The first time I knew something was wrong when she started shunning her water bowl.
Let me explain. When Agatha Kitty came from the humane society to live with us, she was an agile little thing. Deep black glossy fur that turned red in direct sunlight, luminously bright green eyes, sleek, affectionate as all hell and quite a climber.
For decoration, on the top of a seven-foot armoire, I had a tall glass vase with ivy growing out of water. A bookcase sat next to it. Almost immediately, Aggie started jumping to the top of the bookcase and then to the top of the armoire to drink. The first time she jumped, she scared the hell out of us. Then it became routine, a parlor trick she sometimes did for dinner guests, but nothing out of the ordinary. I just refilled the vase every Saturday when I watered the plants.
This spring she stopped jumping up there.
She also stopped hunting. Aggie was a master hunter, inside and outside of the house. Since we live in the woods, that (and a general love of cats) is why we hired her in the first place. She kept the house fairly rodent- free, and outside she killed a variety of small mammals. Eating them — everything except the guts, which she left for us — kept her skin glossy and our cat food bills down. We belled her so she couldn’t do too much damage to the bird population.
Maybe we took her for granted?
I was shocked when I learned she had quit. I had a marvelous torchier in the living room — it was a tall 1970s lamp from the Memphis Group that sat on a red glass base. Out of it rose a 6-foot blue glass post, which held up a lovely yellow bowl wrapped in — get this! — two blue fluorescent light strips. Cool, right? By the end of winter, the lamp smoked every time we turned it on.
I took it to the hardware store to get it rewired. When I came in a few days later to pick it up, pretty much the whole repair crew started laughing at me. Seems they had removed the halogen element and found a huge mouse nest inside. Apparently, the mice had spent the winter shimmying up the blue glass pole, settling down inside the warm lamp and stripping its wires for desert. Did I mention that the lamp was in the living room? And those mice would be warm and cuddly while we would be talking, reading or watching television?

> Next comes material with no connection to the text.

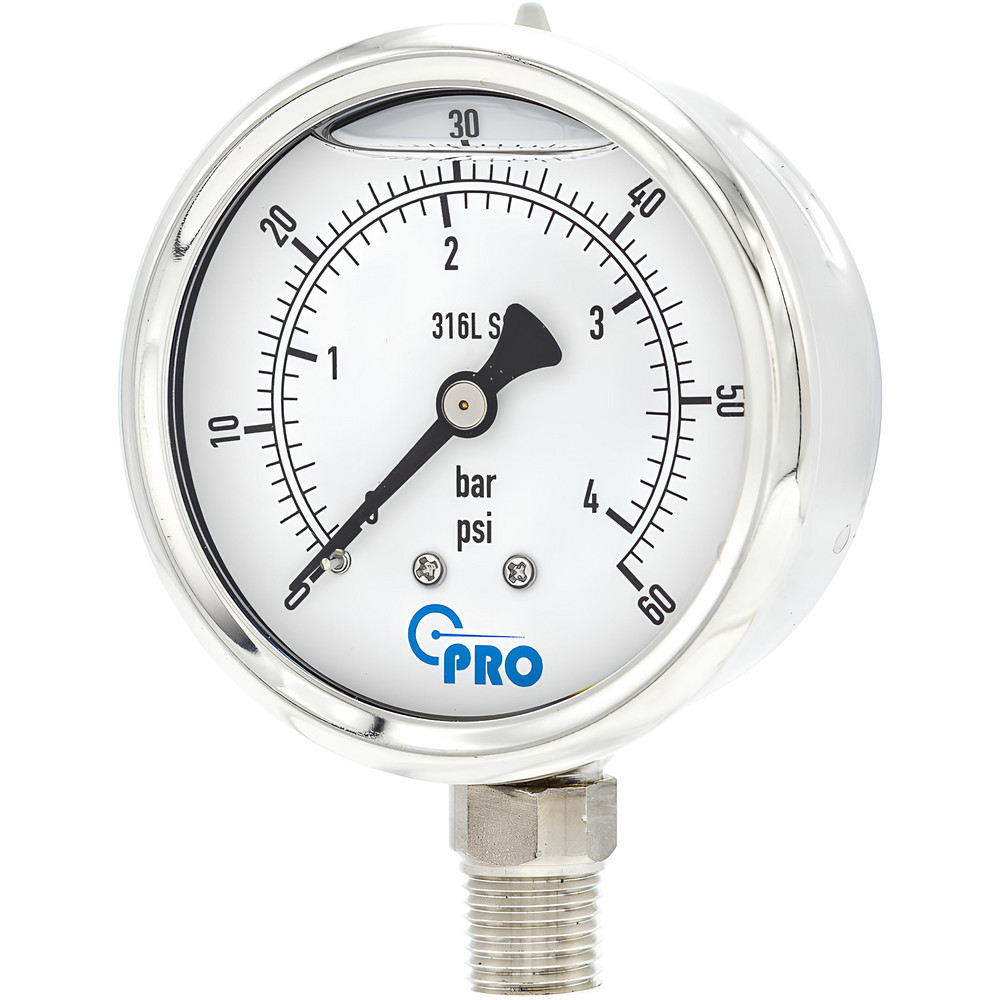 Pressure Gauges; Gauge Type: Pressure Dual Scale ; Scale Type: Dual ; Accuracy (%): 3-2-3% ; Dial Type: Analog ; Thread Type: NPT ; Bourdon Tube Material: Stainless Steel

Where was Aggie? Also in the living room.
No wonder those guys were laughing.
When spring came, I noticed that Aggie wasn’t killing voles, mice, chipmunks or pretty much of anything else. Her fur was thick but not glossy — does Agway sell mouse oil as a food supplement?
Aggie wasn’t ill. At her last physical, also in the spring, the vet marveled at her sleek good health. So it took a while to think that she might be entering kitty old age. (It’s taking me a while to acknowledge that I’m entering people old age.)
By summer, Aggie was happily going outside to sun herself on the deck, then coming in to sleep on the couch, then going out to sit in the sun, then coming in to sleep on the bed, then… you get the picture. But she never wandered far. Her days of haunting the mouseteria at our neighbor’s barn were over.
Although kitty brains are a mysterious mixture of instinct, intuition and habit that I don’t pretend to understand, I would swear that Aggie doesn’t know what to do with herself now that she’s stopped hunting. She wanders in and out of the house, whining about nothing in her vestigial Siamese voice, always wanting to be held and cuddled. Days that used to be filled with stalking and hunting are long and lonely without it.
Even without a letter of resignation, we get the message. After 10 years of devoted service, Aggie has opted for a party, a watch engraved with little mice on the back, and a lifetime of softness, sleeping and canned cat food.
The mice, however, have not retired.
And this means we have to think — and think hard — about introducing a younger cat into an environment that has been ruled for a decade by an alpha kitty who honestly believes that Randy is her mother (it’s the beard) (I hope it’s the beard) and that when he hugs me, he is forgetting who is really the most important member of our little family.
When I mentioned to Randy that we should start thinking about getting another cat, he looked surprised. “Who’ll tell Aggie?” he asked.
We don’t want to upset her, but we live in the woods. We need a house cat that hunts. And Aggie, it seems, has retired. We will adore, love and cuddle her to the end of her days, of course. But sooner or later we have to stiffen our resolve, go down to the humane society, let another cat choose us, and just pray that she can get along with Aggie.